# McCulloch PM-610 Starting Problem



## Richmondron (Jul 6, 2012)

I have an '85 or '86 PM-610 that was a "gift" from an ex brother in law that I've had for about six years. It has always been an absolute bear to get started on the first go around. After it warms up it does fine, starts on the first pull and so forth.

When it hasn't been started for about an hour, regardless of the temperature of the air around it, you can pull untill the cows come home and it will not start. If you remove the cover and air filter and then pour some gas in under the black choke plate housing, hold the throttle wide open and pull, it will start on the first or second pull and run fine after you warm it up for a minute or two. It idles fine and everything.
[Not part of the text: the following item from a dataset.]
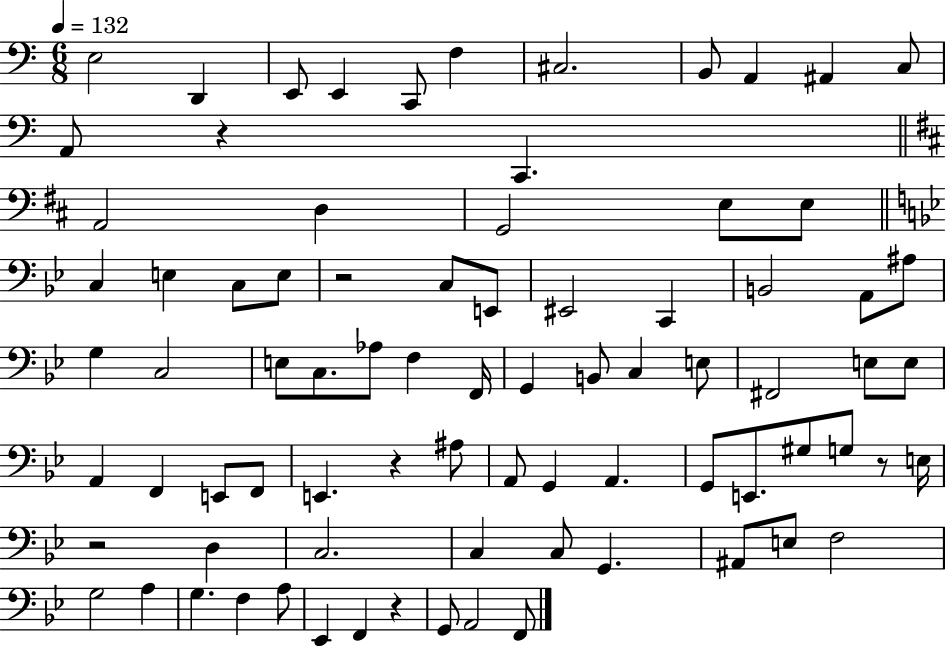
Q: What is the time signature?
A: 6/8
I've tried adjusting the carb untill it is VERY rich on the low side while it's running in the hope of coaxing some gas through the carb the next time I start it, but it does no good. Still pull it ten or fifteen times without success, and then have to prime it to get it going. I've checked the screws through the carb for tightness and they are good.

I've put up with it so far, but we had a tornado come through and drop twelve trees on my land, six of which are accross board fences in one of my horse pastures. Now that I'm working it pretty hard it's getting to be a real pain to get it going everytime I come back from taking a load of brush to the burn pile or after I go in the house to cool down. I've found a re-build kit for the carb, a Zama, and a base gasket and plan to rebuild it shortly in the hope that it will help. And yes, by the way, I have been using the choke and no it has not been flooding because I have to add the gas to the carb to get it to start.

Someone think with me on this to see if there is something I'm missing and if I'm on the right path.


----------



## stevecorio (Apr 19, 2012)

Start with the carb rebuild and check the fuel lines for cracks. you are on the right track of fuel dilervery. replace the spark plug and set to .025. All zama carbs set the needles two turns out and adjust as needed.


----------